By: Kelly Smith, Marketing Director
I met with my financial advisor this week to take a hard look at where I currently stand in setting myself up for retirement. I’m 42 and would like to retire by age 65. That’s 23 years to get this dialed in. That may seem like a lot of time, but when you have two kids who are growing like weeds and gray hair that seems to grow equally as fast as they do, I realize if I didn’t look at this seriously now, I could really pay for it later.
Now, I know some of you may have this all figured out. And kudos to those of you future-minded people who have all your “i”s dotted and your “t”s crossed. I am not one of those people. I live in a more short-term, line-of-sight world. If it’s not staring me in the face forcing a decision, then I I tend to put it off. I admittedly procrastinate.
But I also realize that when it comes to planning for retirement, procrastinators lose. Lose money that is.

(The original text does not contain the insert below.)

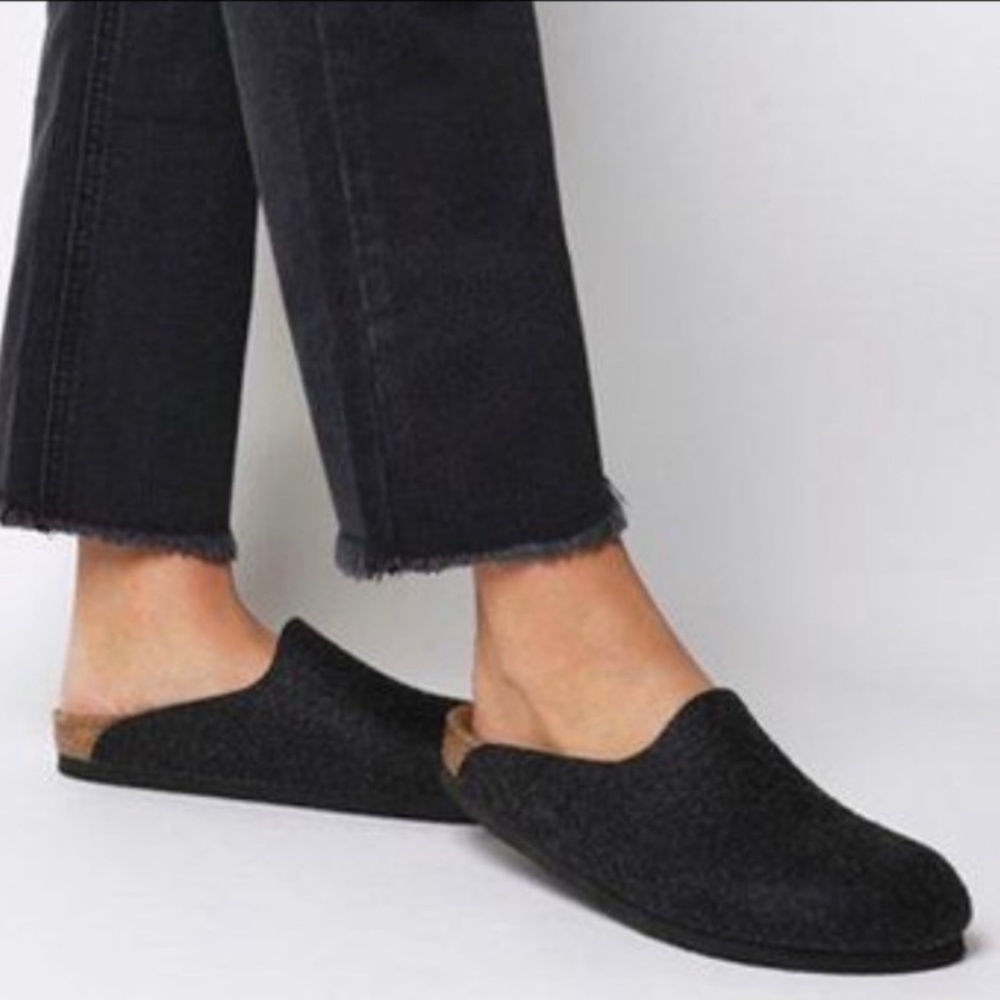 Birkenstock Black Mules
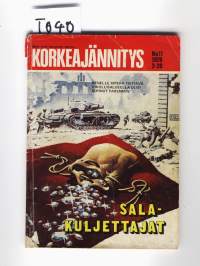 Korkeajännitys nro 11 1978 Salakuljettajat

And since I don’t want to live off my children’s income when I’m retired and my 9-year-old daughter isn’t volunteering to plan my retirement for me, I figured I’d better get my ducks in a row.
Planning for the future, whether it be 23 years from now or one year from now sometimes feels daunting. It takes a lot of thought, intention, and energy. And if you’re at all like me, you want to do it right!
So when I sat down with my advisor the other day, my questions to him were simply, “Am I doing enough?” And if not, “what else can I do”? I was worried his answer would be more self-serving and he’d convince me I should put more money in the funds he supervises. But he didn’t do that. He gave me honest direction I could understood in plain terms. He also told me that it wouldn’t require significantly more out of my paycheck or less out of my lifestyle.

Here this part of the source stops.